Improving accessibility to shogun

Various usability improvements
Mentor: Soeren Sonnenburg Difficulty: Easy to Difficult Requirements: C++ programming, python, swig, some machine learning background
Currently Shogun has a number of rough edges, which polishing would make it more accessible to others. The students task would be to
 Implement customizable SWIG interface classes (so called director classes [1,2]) making it possible to extend certain class methods using some interface language, e.g. for fast prototyping one could implement a kernel in python (or java or octave), which can be used by any of shogun's SVMs. Other usecases of such director classes include: using python classifiers as shogun machines with shogun's pythonmodular interface, prototyping new preprocessors, implementing features with database support with some clue code and various more.
 Implement a better python integration, i.e. for crossvalidation it is currently very complex to specify the parameter settings to try out. In addition, python since version 2.6 supports the python buffer protocol [3], which when implemented for e.g. shoguns CSimpleFeatures or Labels would enable accessing shogun objects like python numpy arrays (to a certain extend). python array protocol.
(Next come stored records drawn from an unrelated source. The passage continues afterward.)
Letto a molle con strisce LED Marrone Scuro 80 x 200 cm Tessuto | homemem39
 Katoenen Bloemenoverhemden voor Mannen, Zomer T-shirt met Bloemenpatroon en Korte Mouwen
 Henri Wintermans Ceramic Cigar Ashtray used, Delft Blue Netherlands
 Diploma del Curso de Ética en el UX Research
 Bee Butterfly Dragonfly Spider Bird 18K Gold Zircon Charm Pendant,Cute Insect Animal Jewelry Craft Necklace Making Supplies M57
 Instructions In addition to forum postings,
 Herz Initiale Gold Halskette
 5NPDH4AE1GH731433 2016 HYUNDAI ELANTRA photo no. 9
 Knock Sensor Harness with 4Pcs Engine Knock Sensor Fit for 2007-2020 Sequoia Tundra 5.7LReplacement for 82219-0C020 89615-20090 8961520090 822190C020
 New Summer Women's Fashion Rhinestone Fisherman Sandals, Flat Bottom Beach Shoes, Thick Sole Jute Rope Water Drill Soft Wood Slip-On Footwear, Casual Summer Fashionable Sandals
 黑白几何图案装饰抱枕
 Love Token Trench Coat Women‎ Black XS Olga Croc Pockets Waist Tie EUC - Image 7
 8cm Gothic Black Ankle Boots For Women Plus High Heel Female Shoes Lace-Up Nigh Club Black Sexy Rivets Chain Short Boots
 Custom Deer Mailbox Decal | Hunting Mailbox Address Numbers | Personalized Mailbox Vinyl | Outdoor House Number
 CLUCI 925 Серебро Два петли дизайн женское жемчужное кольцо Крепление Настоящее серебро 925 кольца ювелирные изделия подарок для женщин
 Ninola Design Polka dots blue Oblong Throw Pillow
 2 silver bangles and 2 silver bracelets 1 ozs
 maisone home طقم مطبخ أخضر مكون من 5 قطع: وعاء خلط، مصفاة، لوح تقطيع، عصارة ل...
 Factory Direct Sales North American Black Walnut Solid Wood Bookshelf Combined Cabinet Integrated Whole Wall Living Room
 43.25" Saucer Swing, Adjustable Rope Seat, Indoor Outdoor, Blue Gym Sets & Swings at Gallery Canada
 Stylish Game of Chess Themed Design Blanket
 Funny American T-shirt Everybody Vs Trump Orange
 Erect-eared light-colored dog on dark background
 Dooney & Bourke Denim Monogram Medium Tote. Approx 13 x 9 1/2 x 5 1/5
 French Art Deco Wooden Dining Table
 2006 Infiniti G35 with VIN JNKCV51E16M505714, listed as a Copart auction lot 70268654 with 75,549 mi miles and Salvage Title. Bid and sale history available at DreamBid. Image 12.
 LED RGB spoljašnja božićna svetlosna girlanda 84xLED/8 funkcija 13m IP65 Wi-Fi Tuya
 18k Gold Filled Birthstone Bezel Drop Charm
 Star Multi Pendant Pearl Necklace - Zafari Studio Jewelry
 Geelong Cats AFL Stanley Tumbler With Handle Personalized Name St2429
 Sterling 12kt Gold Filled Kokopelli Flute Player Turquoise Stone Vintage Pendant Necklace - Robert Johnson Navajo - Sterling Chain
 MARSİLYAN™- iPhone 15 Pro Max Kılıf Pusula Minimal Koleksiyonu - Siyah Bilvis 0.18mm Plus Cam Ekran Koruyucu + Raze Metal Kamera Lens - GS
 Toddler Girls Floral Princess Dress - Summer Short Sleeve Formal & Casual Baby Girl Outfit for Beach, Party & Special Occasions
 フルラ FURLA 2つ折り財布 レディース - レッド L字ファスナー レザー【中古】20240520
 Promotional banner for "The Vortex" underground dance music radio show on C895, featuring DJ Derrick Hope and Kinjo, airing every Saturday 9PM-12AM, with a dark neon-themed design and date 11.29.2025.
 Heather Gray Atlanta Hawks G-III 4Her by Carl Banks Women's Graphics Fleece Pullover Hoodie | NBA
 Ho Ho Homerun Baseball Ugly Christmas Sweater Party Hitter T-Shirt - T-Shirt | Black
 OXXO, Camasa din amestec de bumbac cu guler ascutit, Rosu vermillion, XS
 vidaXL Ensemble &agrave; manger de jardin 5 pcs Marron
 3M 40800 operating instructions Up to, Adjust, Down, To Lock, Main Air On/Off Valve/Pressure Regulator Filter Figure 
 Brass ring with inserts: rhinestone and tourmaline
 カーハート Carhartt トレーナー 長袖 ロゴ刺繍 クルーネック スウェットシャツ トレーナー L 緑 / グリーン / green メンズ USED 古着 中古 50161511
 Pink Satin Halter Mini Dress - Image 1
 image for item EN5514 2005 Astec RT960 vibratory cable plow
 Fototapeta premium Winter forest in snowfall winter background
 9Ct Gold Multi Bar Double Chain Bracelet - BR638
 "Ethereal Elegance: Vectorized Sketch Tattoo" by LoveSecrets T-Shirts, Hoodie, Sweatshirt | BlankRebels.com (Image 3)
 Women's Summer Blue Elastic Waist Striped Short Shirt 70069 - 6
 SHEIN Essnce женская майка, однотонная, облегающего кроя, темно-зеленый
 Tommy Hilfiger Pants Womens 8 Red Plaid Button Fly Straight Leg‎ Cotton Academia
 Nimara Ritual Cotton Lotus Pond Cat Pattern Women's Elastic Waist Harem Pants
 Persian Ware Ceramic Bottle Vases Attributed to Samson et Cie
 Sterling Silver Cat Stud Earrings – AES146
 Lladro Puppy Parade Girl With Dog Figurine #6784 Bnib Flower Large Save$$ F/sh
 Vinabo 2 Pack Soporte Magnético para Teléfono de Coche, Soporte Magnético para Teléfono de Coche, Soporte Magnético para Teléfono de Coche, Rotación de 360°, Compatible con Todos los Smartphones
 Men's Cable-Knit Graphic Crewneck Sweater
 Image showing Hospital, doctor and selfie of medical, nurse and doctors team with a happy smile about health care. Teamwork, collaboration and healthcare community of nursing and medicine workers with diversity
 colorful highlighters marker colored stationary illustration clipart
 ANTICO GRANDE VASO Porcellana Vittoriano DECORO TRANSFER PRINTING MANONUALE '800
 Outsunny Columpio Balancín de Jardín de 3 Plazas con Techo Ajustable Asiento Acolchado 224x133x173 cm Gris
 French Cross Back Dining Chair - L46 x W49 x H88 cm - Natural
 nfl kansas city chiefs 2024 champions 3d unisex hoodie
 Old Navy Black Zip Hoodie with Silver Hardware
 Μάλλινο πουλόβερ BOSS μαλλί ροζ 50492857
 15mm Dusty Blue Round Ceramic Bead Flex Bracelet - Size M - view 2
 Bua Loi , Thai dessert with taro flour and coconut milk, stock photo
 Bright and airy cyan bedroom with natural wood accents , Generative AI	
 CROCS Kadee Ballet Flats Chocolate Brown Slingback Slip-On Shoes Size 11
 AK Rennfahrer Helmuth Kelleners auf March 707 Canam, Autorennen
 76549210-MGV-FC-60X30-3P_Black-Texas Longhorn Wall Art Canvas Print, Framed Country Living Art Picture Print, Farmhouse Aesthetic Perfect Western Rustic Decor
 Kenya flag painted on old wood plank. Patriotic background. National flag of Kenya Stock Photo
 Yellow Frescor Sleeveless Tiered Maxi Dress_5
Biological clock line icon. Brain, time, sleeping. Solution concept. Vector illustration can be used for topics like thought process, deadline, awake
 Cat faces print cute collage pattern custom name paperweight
Then we could mention various other known
 The octave modular interface currently has no support for sparse matrices. The task would be to implement these in the swig_typemaps.i based on the python_modular typemaps (file swig_typemaps.i in interfaces/python_modular and interfaces/octave_modular)
 Various code contains ASSERT()'s which should be replaced with more understandable SG_ERROR() messages
 The current implementation of SGVector [4] should be converted to using reference counts.
 Various minor usability improvements.
This task offers good opportunities to see various aspects of shogun. A particular (fun!) challenge is the rather complex swig crosslanguage development process.
[1] http://www.swig.org/Doc2.0/Python.html#Python_nn34 [2] www.swig.org/Doc2.0/Python.html#Python_nn34 [3] http://www.python.org/dev/peps/pep3118/ [4] http://www.shoguntoolbox.org/doc/en/current/classshogun_1_1SGVector.html

Mentor: Cheng Soon Ong
Difficulty: Medium Requirements: C++ programming, python, (optional django)
The machine learning data set repository mldata.org provides data and task downloads in a standardized format. Make shogun to natively be able to read these data formats and interact with the mldata.org website, i.e., by
 read and write support for the hdf5 based data sets and tasks (see http://mldata.org/about/hdf5/)
 contribute features to mldata.org for commandline based up/downloading of data,task,methods,solutions
 contribute features to mloss.org for commandline based up/downloading of methods and other community features
Note that the optional part of this task aims to help the machine learning community portals for which python and django skills are needed (both portal website's source code are also open source).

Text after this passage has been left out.